What the task requires:
Give back each entry exactly as written, apart from the pictures.

Captioned web images
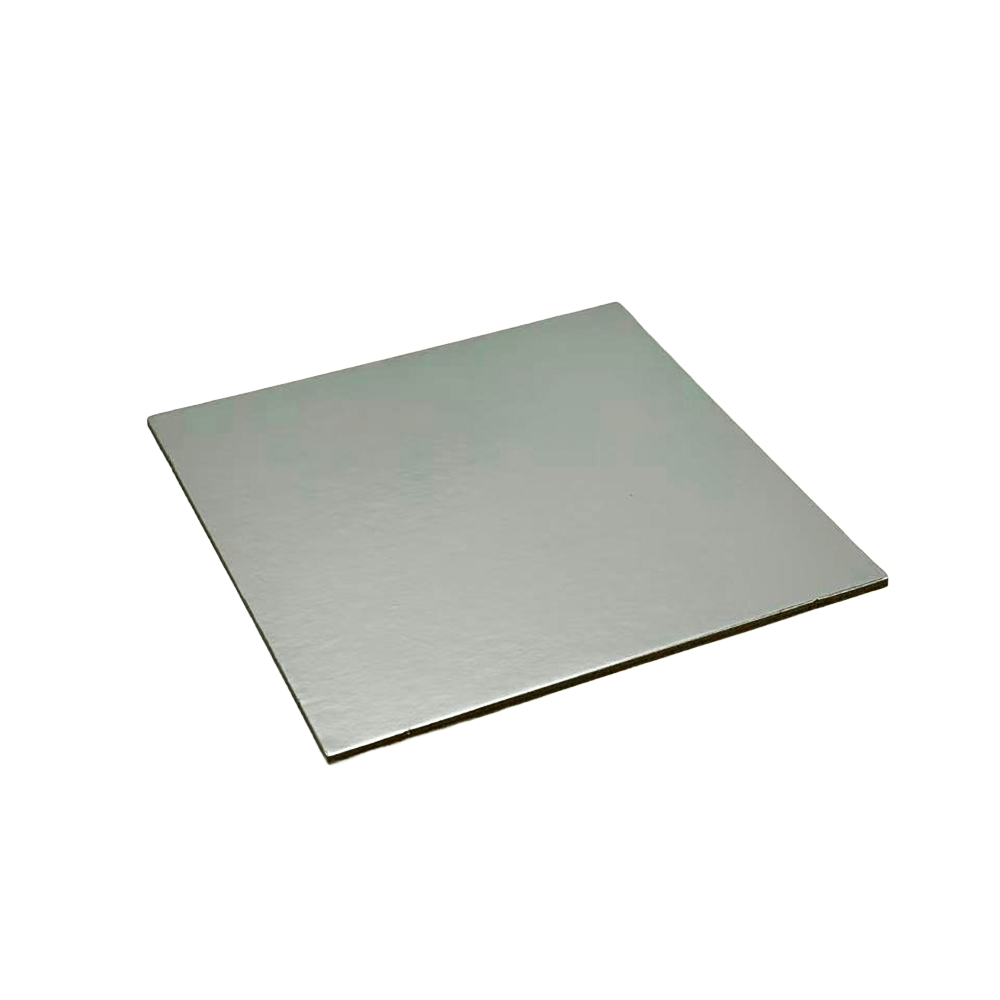 6 Inch Square STD Foil Cake Board - Silver - TEM IMPORTS™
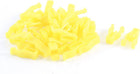 A15072300ux0057 30 Pcs Yellow Plastic Rivet Clips for 9mm Hole Dia Pack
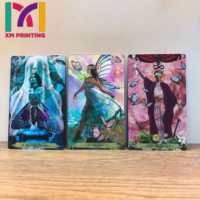 Cartes de tarot et d'oracle personnalisées par le fabricant, boîte imprimée offset de qualité supérieure avec design holographique doré et bords dorés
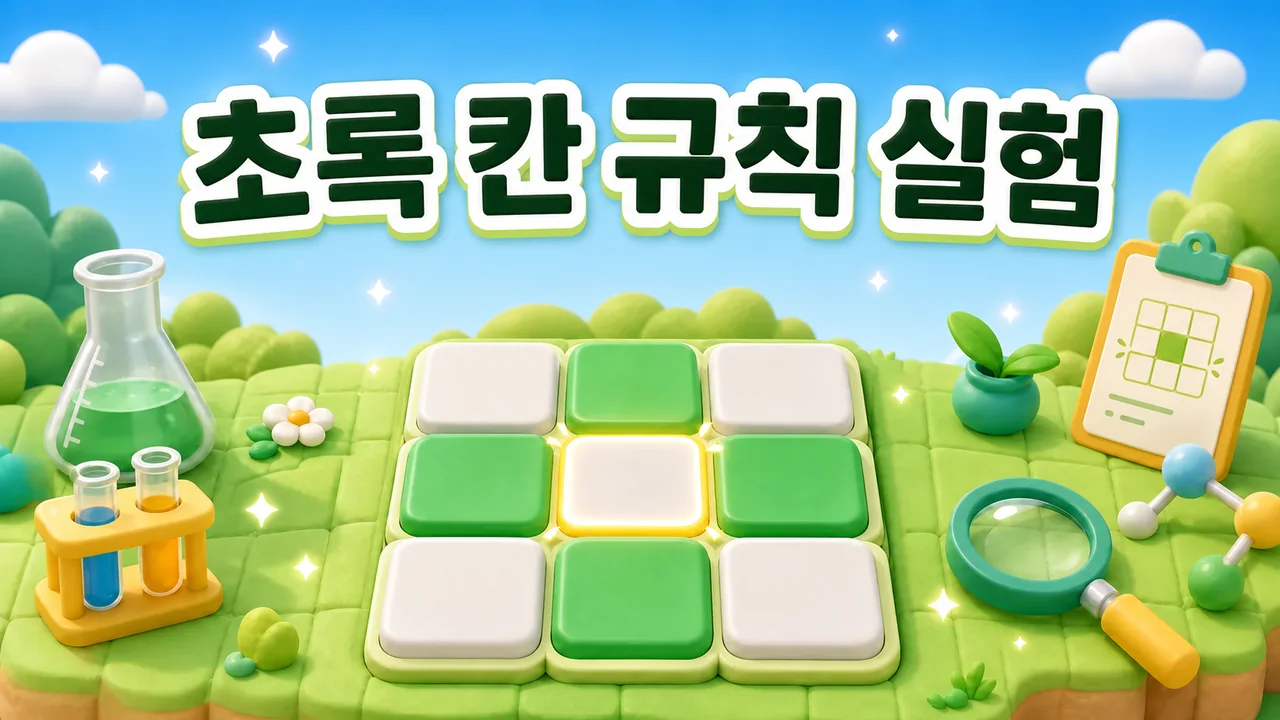초록 칸 규칙 실험 표지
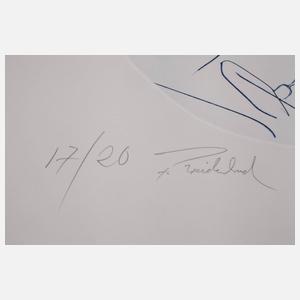 Penck/Breidenbruch, Radierung Gemeinschaftswerk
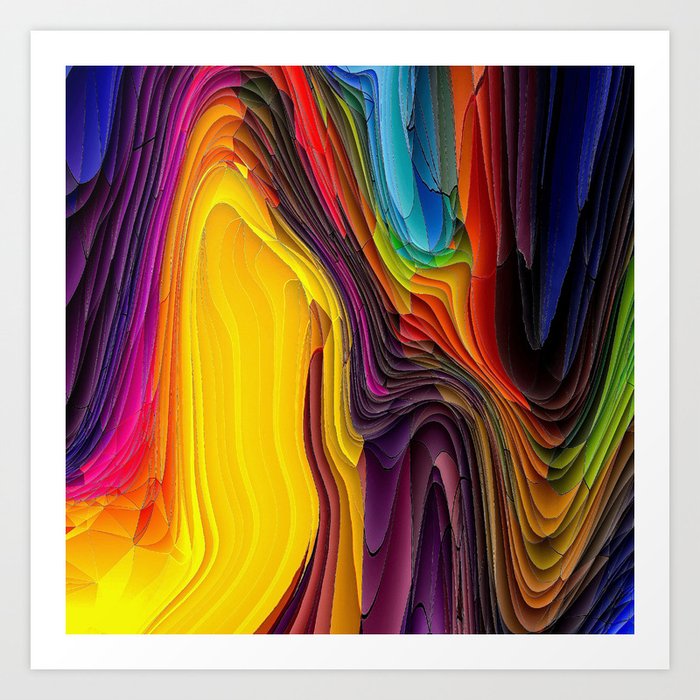 Melting Pot Of Colors Abstract Art Print By Artaddiction45 Society6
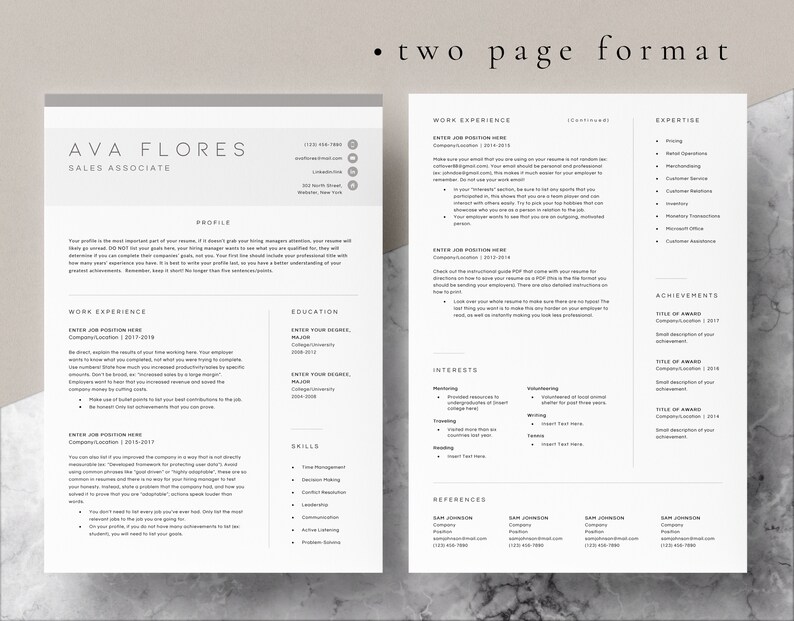 PC and Mac Resume Template for - Il 794xN.1988732238 4d5t 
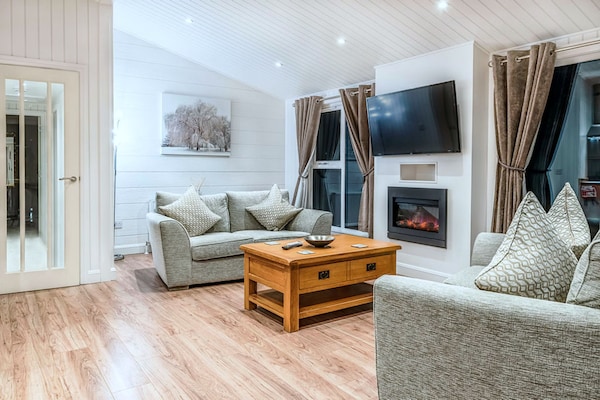 Foto van Premium Meadow Lodge in Errol - Vakantiehuis in Errol - LivingRoom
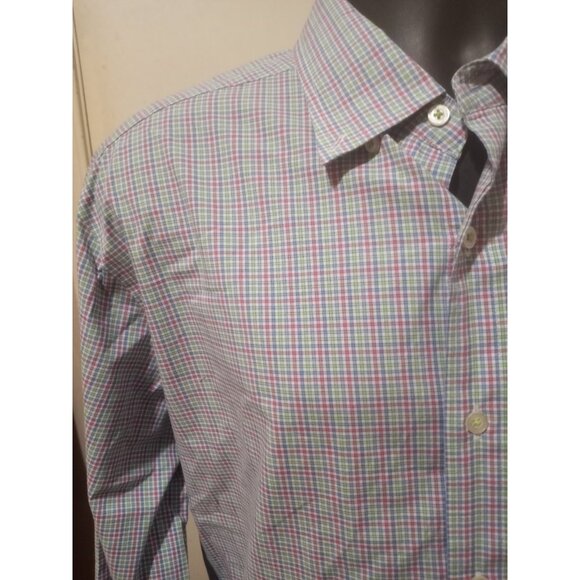 Southern Tide Classic Fit Button Down Shirt Men's Large L Pocket Multicolor - Picture 6 of 11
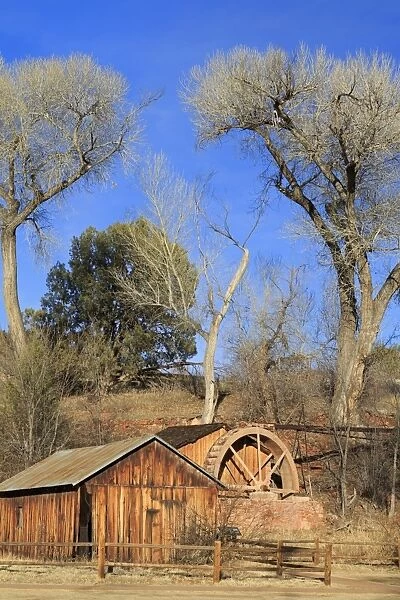 Water Wheel at Red Rock Crossing, Sedona, Arizona, United States of America, North America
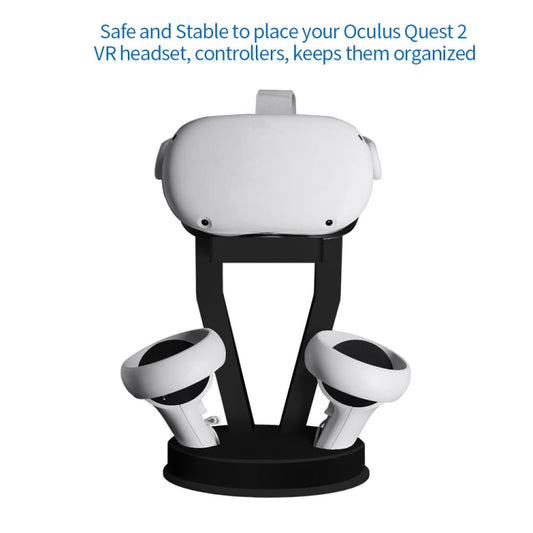 JYS-OC002 VR Bracket Desktop Storage Rack For Oculus Quest 2(Black) by buy2fix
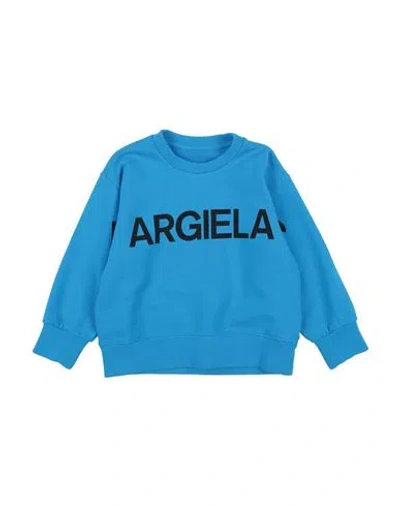 Mm6 Maison Margiela Babies'  Toddler Boy Sweatshirt Azure Size 6 Cotton, Elastane In Blue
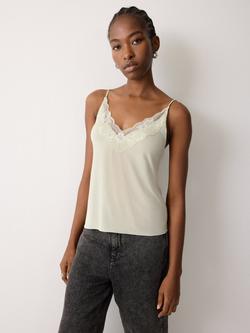 Jigsaw Lace Trim Camisole, Pastel Aloe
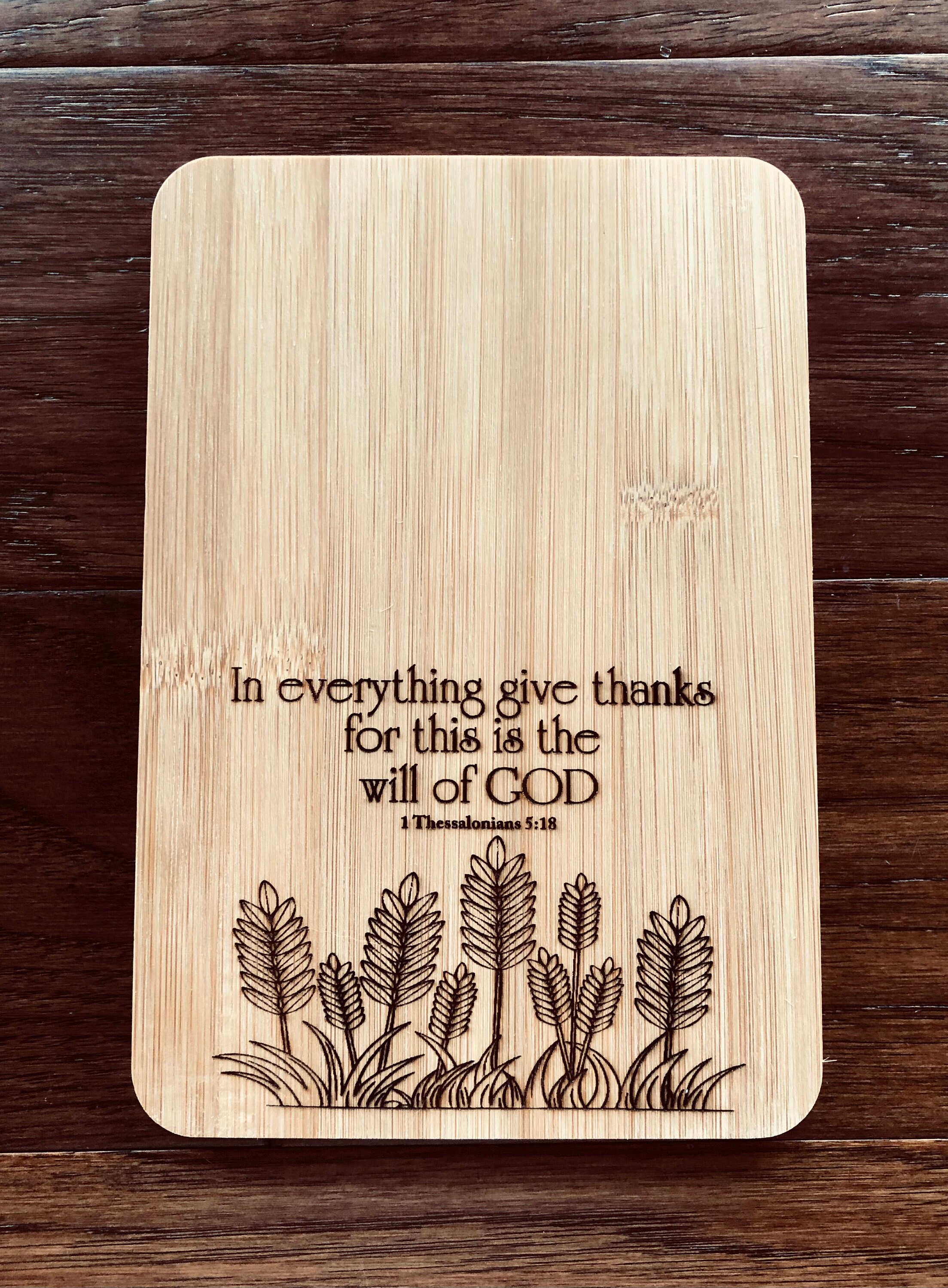 Give Thanks {Wooden Cutting Board} Give Thanks {Wooden Cutting Board}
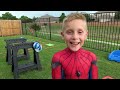 KidCity Builds a Giant Spider-Man Backyard Board Game in our Backyard! KidCity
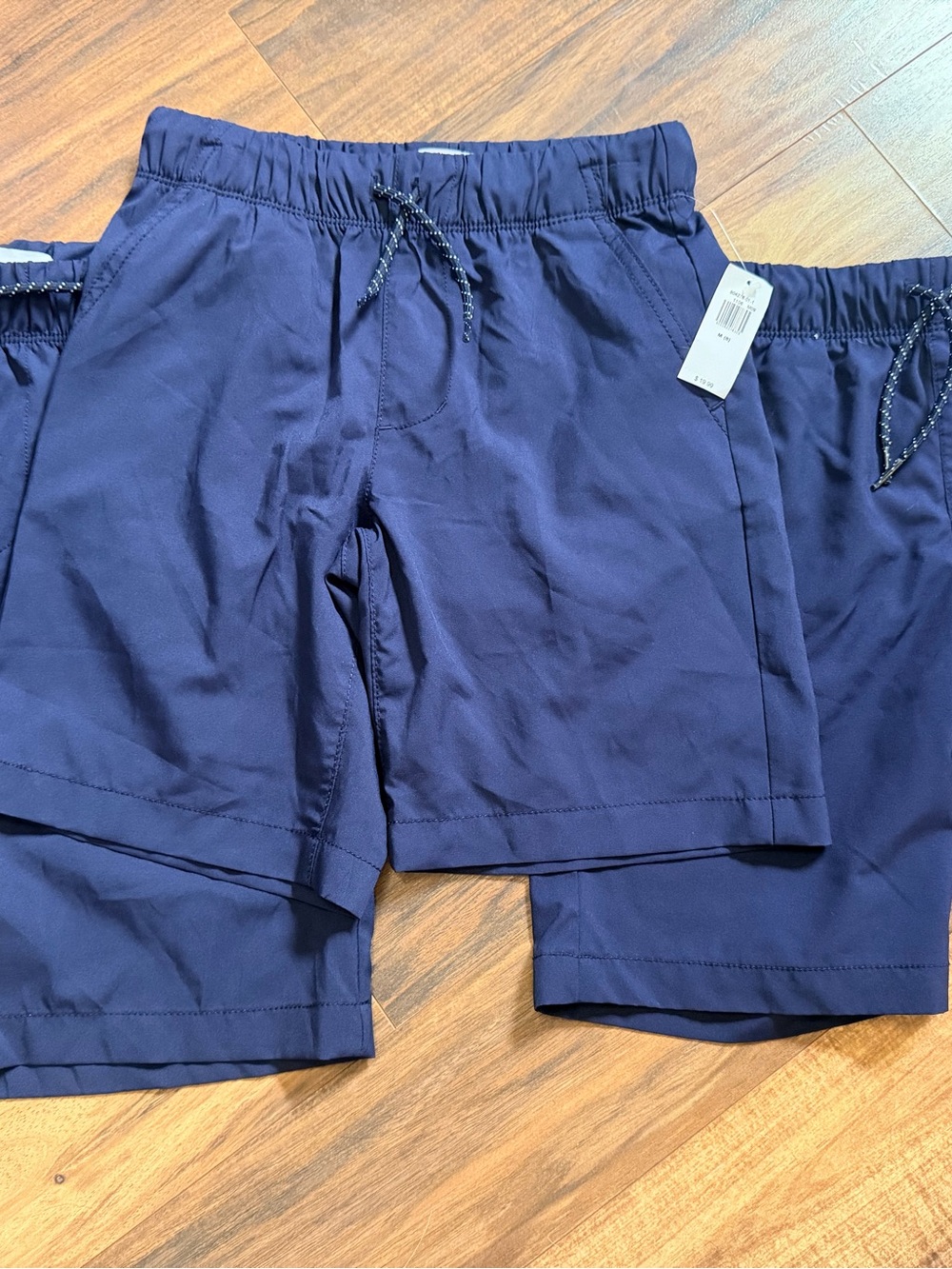3 pairs Old Navy Navy Drawstring Kids Shorts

Your response:
 6 Inch Square STD Foil Cake Board - Silver - TEM IMPORTS™
 A15072300ux0057 30 Pcs Yellow Plastic Rivet Clips for 9mm Hole Dia Pack
 Cartes de tarot et d'oracle personnalisées par le fabricant, boîte imprimée offset de qualité supérieure avec design holographique doré et bords dorés
초록 칸 규칙 실험 표지
 Penck/Breidenbruch, Radierung Gemeinschaftswerk
 Melting Pot Of Colors Abstract Art Print By Artaddiction45 Society6
 PC and Mac Resume Template for - Il 794xN.1988732238 4d5t 
 Foto van Premium Meadow Lodge in Errol - Vakantiehuis in Errol - LivingRoom
 Southern Tide Classic Fit Button Down Shirt Men's Large L Pocket Multicolor - Picture 6 of 11
 Water Wheel at Red Rock Crossing, Sedona, Arizona, United States of America, North America
 JYS-OC002 VR Bracket Desktop Storage Rack For Oculus Quest 2(Black) by buy2fix
 Mm6 Maison Margiela Babies'  Toddler Boy Sweatshirt Azure Size 6 Cotton, Elastane In Blue
 Jigsaw Lace Trim Camisole, Pastel Aloe
 Give Thanks {Wooden Cutting Board} Give Thanks {Wooden Cutting Board}
 KidCity Builds a Giant Spider-Man Backyard Board Game in our Backyard! KidCity
3 pairs Old Navy Navy Drawstring Kids Shorts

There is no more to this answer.